#### Data provided
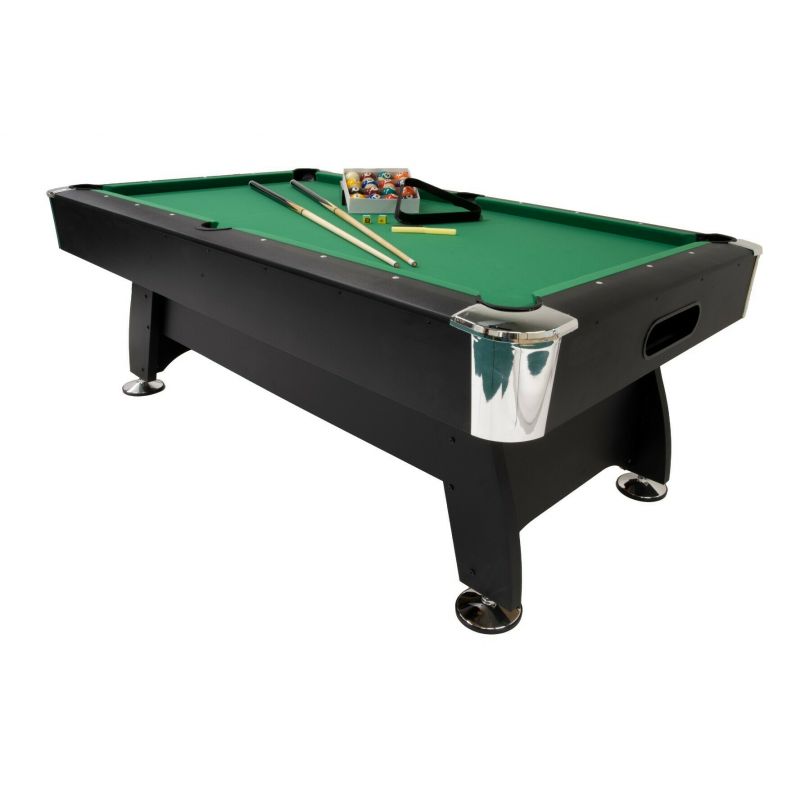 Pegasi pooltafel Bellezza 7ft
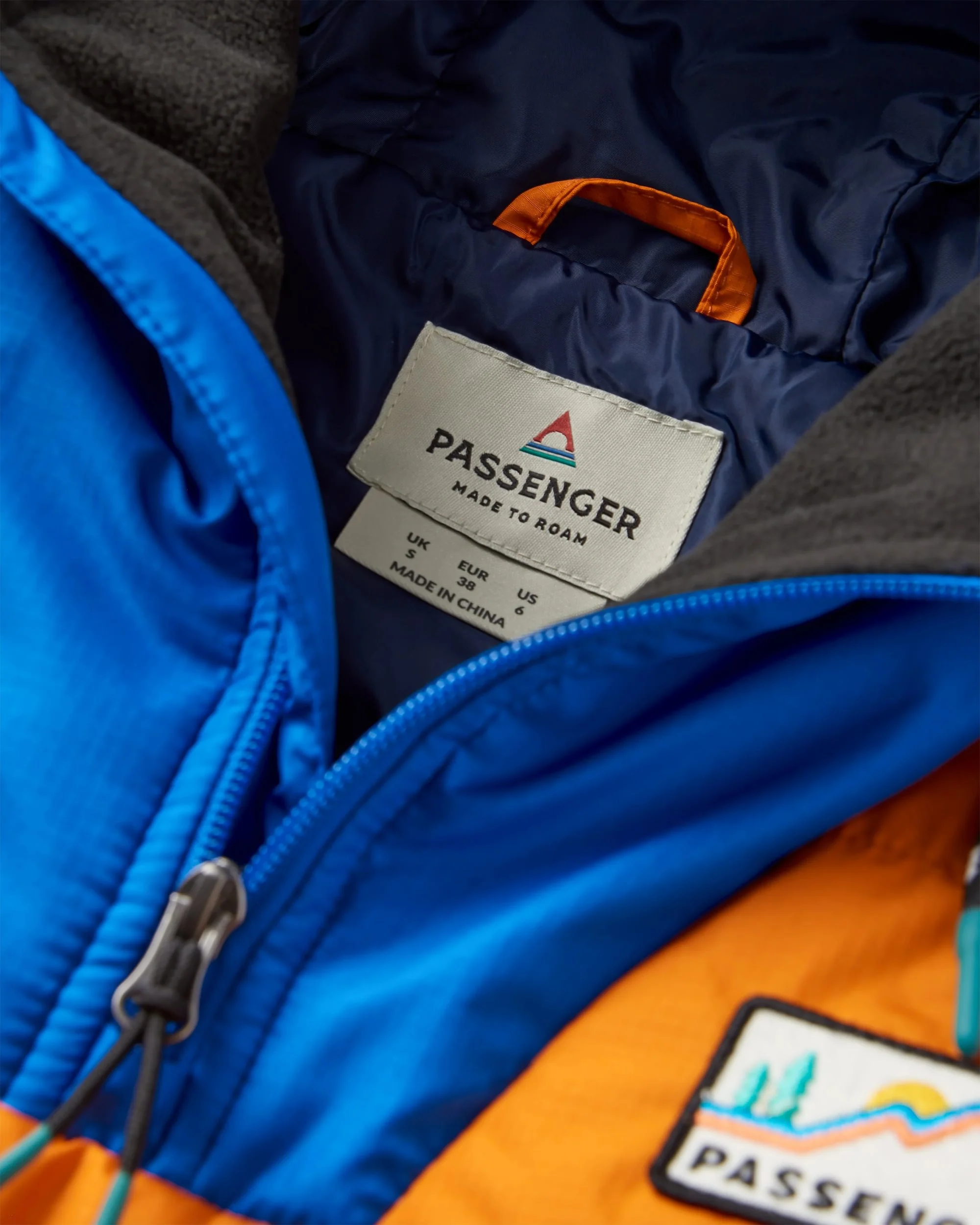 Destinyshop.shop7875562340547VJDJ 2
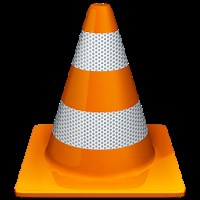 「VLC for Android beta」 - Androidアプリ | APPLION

#### What to do
Your job is to reproduce the material exactly. Keep pictures out of it.

#### Task answer
 Pegasi pooltafel Bellezza 7ft
 Destinyshop.shop7875562340547VJDJ 2
 「VLC for Android beta」 - Androidアプリ | APPLION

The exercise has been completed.